**WHAT IS REQUIRED**
Retype each line of the material below word for word; pictures stay out.

*** Opening INFORMATION SUPPLIED ***

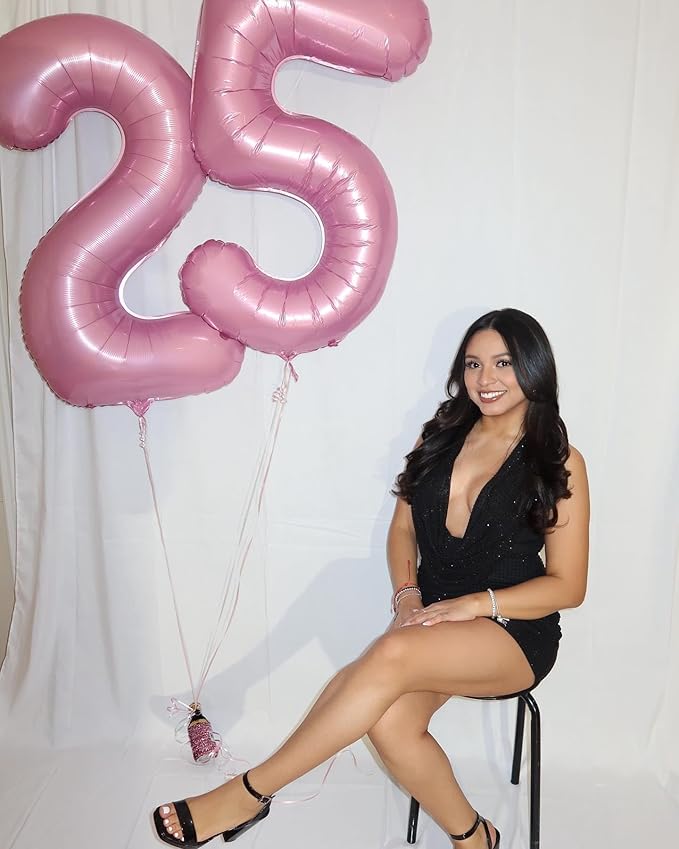 40 Inch Pearlescent Pink Number 4 Balloon, Giant 4 Number Balloons for 4th Birthday Decorations, Party Supplies for Baby Boy Girl, Pearlescent Pink Party Decor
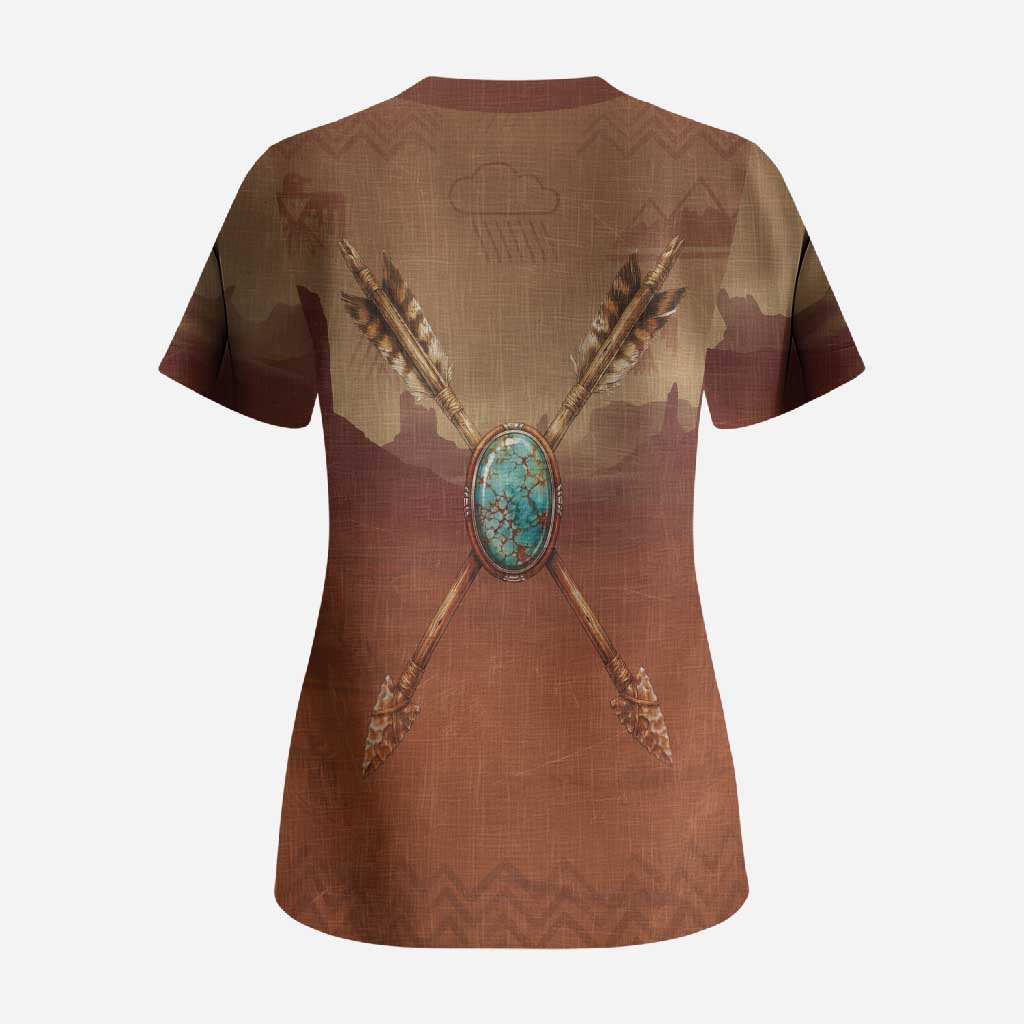Geronimo Native American Scrub Top Rifle and Desert Landscape Native American Warrior - Wonder Print Shop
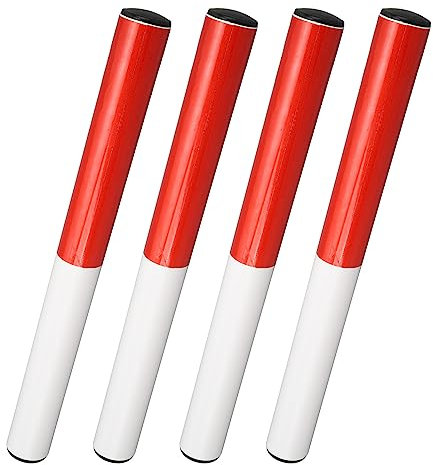 Srliya 4 Stück Kinder-Laufstab-Staffel, PVC-Stab, Rot und weiß, Leichtathletik-Stab-Staffel, Srliyaowvxtm4ric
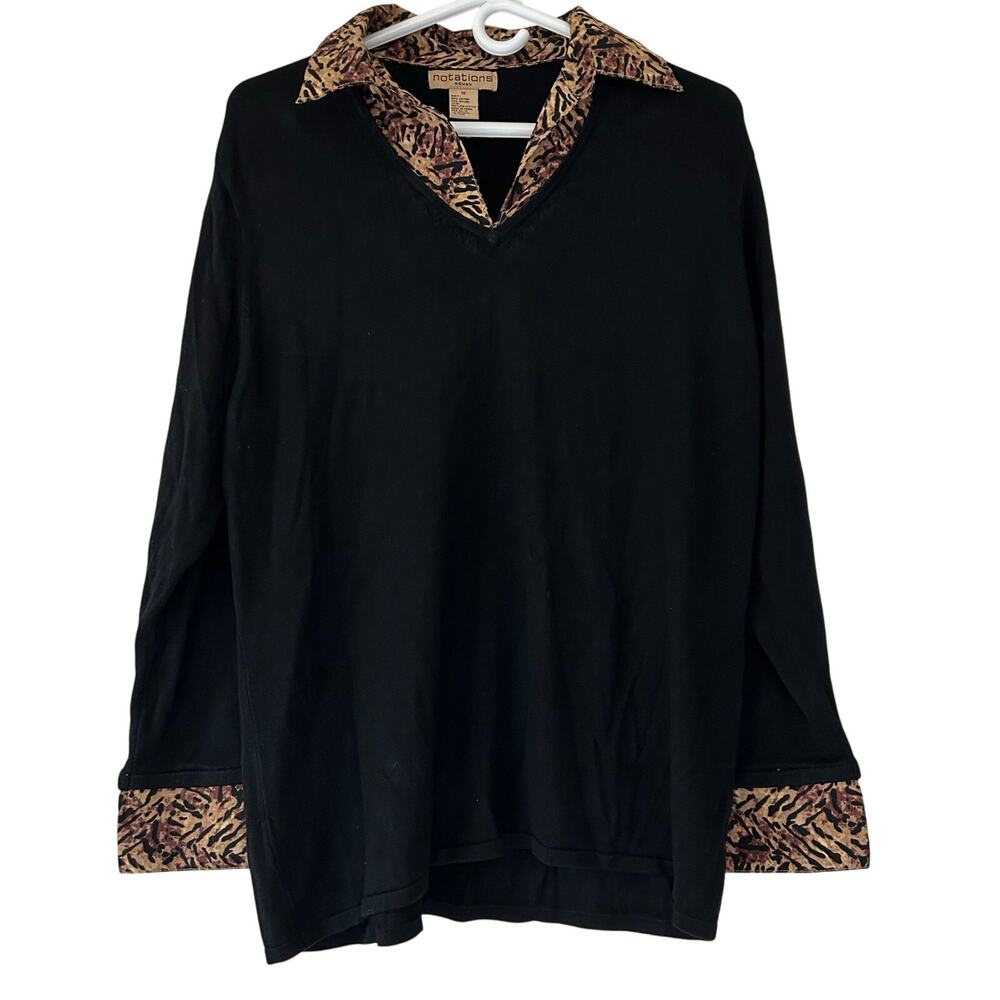 Vintage Notations Woman Animal Print Collar Sweater Top Plus Size 1X mobeife Y2K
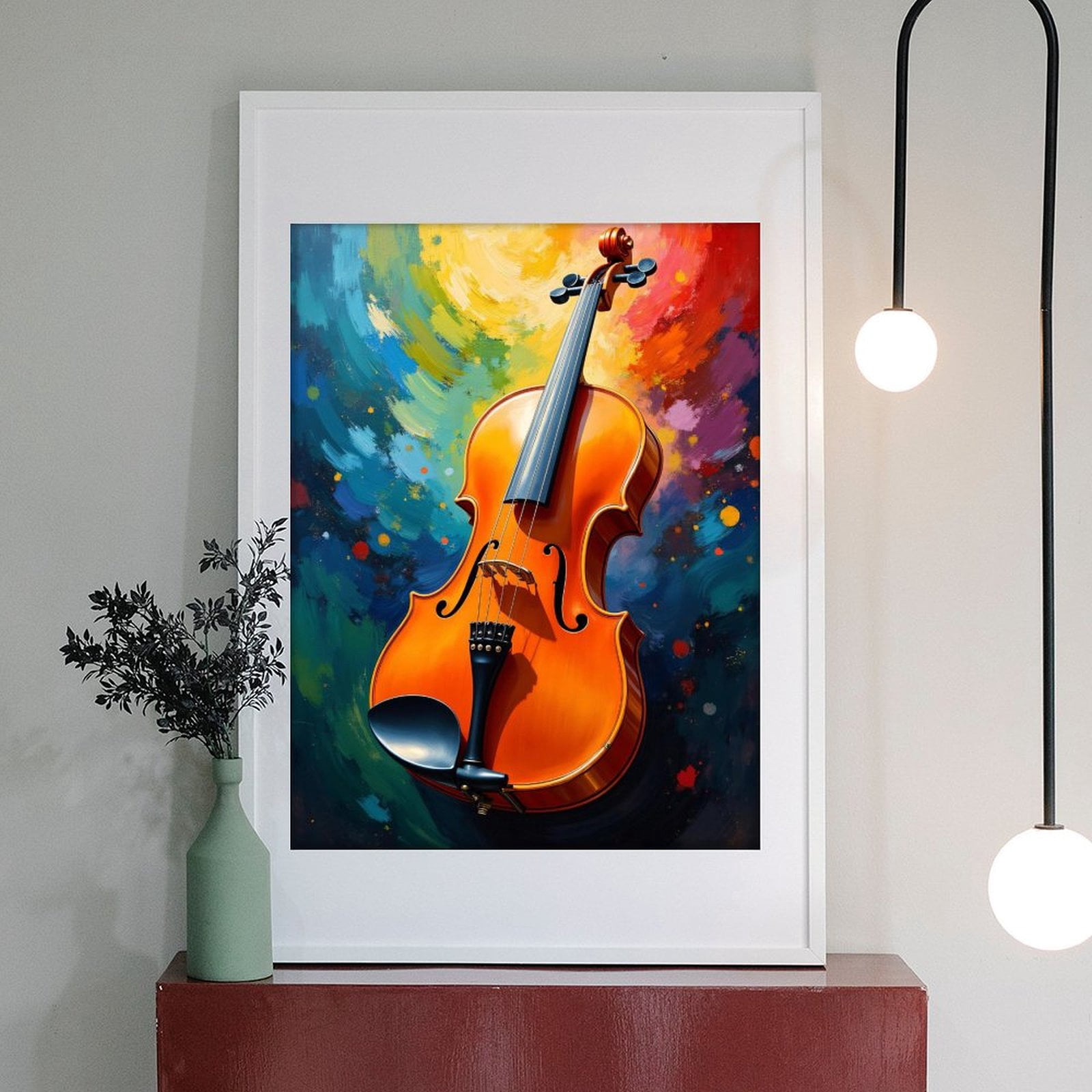 Diamond Art Kit for Adults, Vibrant Violin Abstract Canvas Art Diamond Painting for Adults Beginners, DIY Diamond Art Painting Kits, 5D Diamond Painting Crafts for Home Decor 12x16 Frameless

*** Closing INFORMATION SUPPLIED ***

**EXPECTED ANSWER**
 40 Inch Pearlescent Pink Number 4 Balloon, Giant 4 Number Balloons for 4th Birthday Decorations, Party Supplies for Baby Boy Girl, Pearlescent Pink Party Decor
Geronimo Native American Scrub Top Rifle and Desert Landscape Native American Warrior - Wonder Print Shop
 Srliya 4 Stück Kinder-Laufstab-Staffel, PVC-Stab, Rot und weiß, Leichtathletik-Stab-Staffel, Srliyaowvxtm4ric
 Vintage Notations Woman Animal Print Collar Sweater Top Plus Size 1X mobeife Y2K
 Diamond Art Kit for Adults, Vibrant Violin Abstract Canvas Art Diamond Painting for Adults Beginners, DIY Diamond Art Painting Kits, 5D Diamond Painting Crafts for Home Decor 12x16 Frameless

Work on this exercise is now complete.